How do I add an XML attribute, or not, depending on an Option?

Question

I have written a makeMsg function but I don't like it - it just seems really un-Scala-ish to discriminate based on Option.isDefined. Can you make it better?

scala> def makeMsg(t: Option[String]) = 
     | if (t.isDefined) <msg text={t.get} /> else <msg />
makeMsg: (t: Option[String])scala.xml.Elem

scala> makeMsg(Some("hello"))
res0: scala.xml.Elem = <msg text="hello"></msg>

scala> makeMsg(None)
res1: scala.xml.Elem = <msg></msg>

Answer 1

You can try this:

def makeMsg(t: Option[String]) = <msg text={t orNull} />

if attribute value is null - it will not be added to the element.

Update

Even better!
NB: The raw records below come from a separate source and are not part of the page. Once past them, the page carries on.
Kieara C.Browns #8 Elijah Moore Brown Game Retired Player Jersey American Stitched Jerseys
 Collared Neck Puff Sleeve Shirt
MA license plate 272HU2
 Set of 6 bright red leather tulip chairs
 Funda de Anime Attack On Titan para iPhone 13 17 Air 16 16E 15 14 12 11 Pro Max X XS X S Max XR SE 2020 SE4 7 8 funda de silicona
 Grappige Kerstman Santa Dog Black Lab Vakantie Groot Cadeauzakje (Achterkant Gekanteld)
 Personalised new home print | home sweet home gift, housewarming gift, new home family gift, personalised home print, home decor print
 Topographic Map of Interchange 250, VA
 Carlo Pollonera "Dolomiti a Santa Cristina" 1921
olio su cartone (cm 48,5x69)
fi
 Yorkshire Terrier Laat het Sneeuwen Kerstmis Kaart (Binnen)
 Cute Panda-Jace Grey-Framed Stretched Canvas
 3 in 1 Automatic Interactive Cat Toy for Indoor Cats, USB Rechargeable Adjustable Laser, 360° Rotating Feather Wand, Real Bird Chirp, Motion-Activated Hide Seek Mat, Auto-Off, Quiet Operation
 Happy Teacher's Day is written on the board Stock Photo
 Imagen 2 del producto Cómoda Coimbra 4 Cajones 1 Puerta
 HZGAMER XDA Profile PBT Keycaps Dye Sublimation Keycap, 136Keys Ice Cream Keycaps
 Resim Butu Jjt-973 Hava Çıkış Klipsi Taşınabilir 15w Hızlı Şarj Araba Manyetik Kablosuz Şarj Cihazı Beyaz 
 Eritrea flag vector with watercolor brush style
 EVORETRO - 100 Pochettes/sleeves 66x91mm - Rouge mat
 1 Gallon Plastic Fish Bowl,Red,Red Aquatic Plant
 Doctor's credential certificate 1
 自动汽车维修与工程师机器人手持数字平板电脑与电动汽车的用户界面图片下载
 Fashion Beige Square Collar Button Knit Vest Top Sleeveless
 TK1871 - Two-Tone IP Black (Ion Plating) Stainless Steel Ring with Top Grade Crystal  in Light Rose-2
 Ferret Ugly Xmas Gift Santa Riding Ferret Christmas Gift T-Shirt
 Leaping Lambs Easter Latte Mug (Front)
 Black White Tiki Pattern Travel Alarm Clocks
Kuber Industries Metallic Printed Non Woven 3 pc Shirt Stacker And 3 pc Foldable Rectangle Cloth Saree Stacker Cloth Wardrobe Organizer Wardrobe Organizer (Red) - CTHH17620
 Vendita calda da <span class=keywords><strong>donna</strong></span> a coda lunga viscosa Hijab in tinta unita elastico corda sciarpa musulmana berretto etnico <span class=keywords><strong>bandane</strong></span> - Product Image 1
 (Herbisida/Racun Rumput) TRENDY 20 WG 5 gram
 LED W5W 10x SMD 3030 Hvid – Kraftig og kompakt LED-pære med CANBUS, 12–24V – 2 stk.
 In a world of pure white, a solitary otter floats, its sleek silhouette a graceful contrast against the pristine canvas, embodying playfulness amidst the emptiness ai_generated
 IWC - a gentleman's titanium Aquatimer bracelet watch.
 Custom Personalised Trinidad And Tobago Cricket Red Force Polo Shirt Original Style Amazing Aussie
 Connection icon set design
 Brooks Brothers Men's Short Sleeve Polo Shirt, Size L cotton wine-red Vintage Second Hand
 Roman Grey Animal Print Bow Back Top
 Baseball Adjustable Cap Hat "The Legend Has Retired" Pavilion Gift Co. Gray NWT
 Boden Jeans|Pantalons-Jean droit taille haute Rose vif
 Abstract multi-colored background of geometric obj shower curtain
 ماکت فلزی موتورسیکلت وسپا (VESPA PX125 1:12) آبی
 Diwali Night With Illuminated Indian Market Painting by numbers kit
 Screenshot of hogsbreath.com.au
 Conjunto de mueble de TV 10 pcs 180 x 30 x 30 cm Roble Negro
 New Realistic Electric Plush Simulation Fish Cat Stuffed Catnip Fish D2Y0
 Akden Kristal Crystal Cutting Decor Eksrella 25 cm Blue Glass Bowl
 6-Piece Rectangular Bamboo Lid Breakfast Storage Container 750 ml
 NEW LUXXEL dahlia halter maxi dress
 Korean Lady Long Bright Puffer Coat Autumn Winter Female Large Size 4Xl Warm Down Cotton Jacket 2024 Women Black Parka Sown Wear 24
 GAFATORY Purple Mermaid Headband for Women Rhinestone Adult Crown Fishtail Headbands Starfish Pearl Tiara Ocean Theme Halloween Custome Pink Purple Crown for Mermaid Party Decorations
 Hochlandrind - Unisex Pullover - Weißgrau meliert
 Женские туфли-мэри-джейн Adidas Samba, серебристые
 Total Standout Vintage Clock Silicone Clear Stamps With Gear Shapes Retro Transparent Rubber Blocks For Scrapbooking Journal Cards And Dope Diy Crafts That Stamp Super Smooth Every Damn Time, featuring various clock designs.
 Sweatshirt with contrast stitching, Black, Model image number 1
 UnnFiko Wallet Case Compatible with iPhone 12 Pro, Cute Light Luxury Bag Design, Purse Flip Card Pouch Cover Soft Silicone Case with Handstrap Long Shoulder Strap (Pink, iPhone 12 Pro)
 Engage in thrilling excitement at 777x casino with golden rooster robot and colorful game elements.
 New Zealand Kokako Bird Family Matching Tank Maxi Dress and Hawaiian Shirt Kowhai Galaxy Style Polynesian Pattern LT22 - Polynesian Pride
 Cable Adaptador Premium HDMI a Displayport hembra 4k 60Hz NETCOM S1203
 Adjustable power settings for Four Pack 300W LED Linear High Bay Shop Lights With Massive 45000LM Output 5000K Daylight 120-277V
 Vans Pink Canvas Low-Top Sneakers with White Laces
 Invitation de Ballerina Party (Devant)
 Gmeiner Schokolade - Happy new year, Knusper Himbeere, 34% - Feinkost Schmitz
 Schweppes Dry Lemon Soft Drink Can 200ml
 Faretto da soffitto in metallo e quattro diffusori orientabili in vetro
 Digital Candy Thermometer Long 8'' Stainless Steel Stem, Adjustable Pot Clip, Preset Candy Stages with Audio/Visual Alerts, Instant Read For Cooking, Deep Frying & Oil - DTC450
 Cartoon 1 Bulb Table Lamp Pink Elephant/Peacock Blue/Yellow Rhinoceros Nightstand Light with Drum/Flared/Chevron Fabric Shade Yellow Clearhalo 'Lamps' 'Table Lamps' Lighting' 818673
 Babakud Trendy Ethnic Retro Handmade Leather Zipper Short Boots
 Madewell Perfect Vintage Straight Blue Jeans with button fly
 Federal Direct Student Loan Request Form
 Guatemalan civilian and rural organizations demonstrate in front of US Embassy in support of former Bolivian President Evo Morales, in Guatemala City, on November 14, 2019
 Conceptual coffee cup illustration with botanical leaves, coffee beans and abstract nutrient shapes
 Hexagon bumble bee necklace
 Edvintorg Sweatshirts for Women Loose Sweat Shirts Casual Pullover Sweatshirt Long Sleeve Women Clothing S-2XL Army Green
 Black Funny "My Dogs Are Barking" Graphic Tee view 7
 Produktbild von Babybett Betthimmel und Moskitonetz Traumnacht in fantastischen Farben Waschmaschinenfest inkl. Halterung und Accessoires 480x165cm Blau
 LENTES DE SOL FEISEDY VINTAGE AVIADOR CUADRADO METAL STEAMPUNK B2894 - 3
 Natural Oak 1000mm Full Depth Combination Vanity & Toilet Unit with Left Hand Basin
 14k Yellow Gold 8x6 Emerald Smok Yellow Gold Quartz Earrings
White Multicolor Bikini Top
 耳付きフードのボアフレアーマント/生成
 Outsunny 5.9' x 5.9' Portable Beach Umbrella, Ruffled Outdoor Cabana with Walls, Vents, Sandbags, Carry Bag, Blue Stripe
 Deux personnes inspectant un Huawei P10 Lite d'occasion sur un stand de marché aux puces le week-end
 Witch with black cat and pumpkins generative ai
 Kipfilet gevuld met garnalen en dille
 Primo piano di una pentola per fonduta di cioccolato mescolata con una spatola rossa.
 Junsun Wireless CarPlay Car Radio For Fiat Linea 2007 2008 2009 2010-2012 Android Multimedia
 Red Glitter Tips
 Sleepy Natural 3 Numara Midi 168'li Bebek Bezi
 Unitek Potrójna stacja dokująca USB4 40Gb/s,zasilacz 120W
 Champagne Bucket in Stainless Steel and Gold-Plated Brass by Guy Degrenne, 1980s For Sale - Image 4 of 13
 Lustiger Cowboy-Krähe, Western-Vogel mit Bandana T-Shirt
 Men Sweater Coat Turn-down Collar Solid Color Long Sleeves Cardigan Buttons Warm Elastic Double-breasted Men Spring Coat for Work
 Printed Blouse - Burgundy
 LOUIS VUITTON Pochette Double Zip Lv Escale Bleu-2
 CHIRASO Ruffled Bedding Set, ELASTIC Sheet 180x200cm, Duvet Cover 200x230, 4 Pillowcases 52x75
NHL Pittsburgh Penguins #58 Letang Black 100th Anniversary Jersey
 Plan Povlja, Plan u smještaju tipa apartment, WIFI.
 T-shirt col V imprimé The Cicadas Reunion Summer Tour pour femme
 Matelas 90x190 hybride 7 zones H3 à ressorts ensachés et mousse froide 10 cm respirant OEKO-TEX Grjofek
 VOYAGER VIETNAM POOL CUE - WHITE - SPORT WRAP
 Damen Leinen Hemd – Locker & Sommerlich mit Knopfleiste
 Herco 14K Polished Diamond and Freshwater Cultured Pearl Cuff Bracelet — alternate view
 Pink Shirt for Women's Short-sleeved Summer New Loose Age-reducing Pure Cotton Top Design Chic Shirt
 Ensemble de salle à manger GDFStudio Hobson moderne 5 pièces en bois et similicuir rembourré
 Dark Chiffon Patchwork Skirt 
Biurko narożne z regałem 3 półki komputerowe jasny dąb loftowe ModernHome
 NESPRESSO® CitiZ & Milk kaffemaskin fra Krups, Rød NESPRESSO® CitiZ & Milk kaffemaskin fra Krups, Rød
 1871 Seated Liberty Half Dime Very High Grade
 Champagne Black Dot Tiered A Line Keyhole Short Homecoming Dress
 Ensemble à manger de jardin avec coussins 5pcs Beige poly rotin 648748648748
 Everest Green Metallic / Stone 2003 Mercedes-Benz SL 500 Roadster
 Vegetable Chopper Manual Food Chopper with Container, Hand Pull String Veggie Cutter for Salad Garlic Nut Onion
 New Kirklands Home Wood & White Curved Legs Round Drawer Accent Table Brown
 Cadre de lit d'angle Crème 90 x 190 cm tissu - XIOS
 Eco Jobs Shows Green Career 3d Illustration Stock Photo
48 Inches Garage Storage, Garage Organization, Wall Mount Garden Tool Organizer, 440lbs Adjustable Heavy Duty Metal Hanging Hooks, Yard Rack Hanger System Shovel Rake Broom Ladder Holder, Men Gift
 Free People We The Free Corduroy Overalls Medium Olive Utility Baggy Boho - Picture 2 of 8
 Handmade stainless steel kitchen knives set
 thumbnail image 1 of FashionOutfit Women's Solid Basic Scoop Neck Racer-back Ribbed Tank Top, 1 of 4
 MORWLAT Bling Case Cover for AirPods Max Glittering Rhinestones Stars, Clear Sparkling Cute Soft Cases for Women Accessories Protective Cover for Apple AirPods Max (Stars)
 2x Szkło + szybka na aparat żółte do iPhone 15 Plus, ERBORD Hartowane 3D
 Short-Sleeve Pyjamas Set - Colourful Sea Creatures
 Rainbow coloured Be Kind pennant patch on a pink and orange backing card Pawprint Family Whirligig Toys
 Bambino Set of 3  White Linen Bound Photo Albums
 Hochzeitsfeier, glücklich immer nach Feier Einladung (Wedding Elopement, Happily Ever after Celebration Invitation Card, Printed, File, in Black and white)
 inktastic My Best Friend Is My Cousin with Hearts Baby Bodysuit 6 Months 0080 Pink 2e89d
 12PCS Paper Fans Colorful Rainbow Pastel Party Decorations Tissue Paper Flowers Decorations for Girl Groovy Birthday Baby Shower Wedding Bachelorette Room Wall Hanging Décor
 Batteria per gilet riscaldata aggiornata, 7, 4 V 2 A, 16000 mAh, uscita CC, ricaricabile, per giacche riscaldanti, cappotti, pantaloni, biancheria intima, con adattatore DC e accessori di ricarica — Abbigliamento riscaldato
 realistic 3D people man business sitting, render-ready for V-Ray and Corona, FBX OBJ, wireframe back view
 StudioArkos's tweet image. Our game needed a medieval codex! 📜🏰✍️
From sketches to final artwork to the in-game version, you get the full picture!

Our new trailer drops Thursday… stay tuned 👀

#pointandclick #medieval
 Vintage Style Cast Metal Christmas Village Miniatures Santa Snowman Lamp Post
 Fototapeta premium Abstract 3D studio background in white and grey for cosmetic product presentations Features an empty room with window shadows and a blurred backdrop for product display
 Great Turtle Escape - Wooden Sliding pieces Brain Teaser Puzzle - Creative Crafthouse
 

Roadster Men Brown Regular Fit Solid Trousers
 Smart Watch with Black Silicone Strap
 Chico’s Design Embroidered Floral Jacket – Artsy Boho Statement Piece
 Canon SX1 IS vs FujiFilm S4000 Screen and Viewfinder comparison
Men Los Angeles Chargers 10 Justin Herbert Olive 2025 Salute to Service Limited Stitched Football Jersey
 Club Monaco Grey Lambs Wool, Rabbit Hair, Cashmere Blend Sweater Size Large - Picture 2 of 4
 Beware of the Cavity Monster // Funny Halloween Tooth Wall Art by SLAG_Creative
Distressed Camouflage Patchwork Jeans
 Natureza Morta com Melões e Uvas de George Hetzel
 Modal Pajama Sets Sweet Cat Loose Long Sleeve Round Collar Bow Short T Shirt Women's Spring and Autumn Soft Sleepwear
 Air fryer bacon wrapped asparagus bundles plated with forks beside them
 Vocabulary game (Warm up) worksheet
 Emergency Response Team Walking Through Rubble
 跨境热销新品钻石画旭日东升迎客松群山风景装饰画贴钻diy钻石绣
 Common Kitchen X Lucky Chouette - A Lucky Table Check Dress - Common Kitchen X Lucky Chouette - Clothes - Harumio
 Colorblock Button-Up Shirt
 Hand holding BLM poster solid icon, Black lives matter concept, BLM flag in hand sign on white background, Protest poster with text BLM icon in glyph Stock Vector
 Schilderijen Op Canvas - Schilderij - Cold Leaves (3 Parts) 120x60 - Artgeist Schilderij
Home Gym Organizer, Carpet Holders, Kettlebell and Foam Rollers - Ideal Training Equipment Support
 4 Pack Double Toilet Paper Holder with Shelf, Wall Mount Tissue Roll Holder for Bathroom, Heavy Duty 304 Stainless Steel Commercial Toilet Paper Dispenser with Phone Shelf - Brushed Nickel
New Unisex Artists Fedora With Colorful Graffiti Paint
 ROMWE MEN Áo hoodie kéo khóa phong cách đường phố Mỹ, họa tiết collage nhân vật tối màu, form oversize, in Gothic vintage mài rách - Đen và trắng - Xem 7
If you will add this implicit convertion:

import xml.Text
implicit def optStrToOptText(opt: Option[String]) = opt map Text

you can just use t like this:

def makeMsg(t: Option[String]) = <msg text={t} />

Here is REPL session:

scala> import xml.Text
import xml.Text

scala> implicit def optStrToOptText(opt: Option[String]) = opt map Text
optStrToOptText: (opt: Option[String])Option[scala.xml.Text]

scala> def makeMsg(t: Option[String]) = <msg text={t} />
makeMsg: (t: Option[String])scala.xml.Elem

scala> makeMsg(Some("hello"))
res1: scala.xml.Elem = <msg text="hello"></msg>

scala> makeMsg(None)
res2: scala.xml.Elem = <msg ></msg>

This works because scala.xml.UnprefixedAttribute has constructor that accepts Option[Seq[Node]] as value.

Answer 2

What's wrong with this:

def makeMsg(t: Option[String]) = t match {
  case Some(m) => <msg text={m} />
  case None => <msg />
}

Not as concise as Easy Angel's, but it's straight up Scala.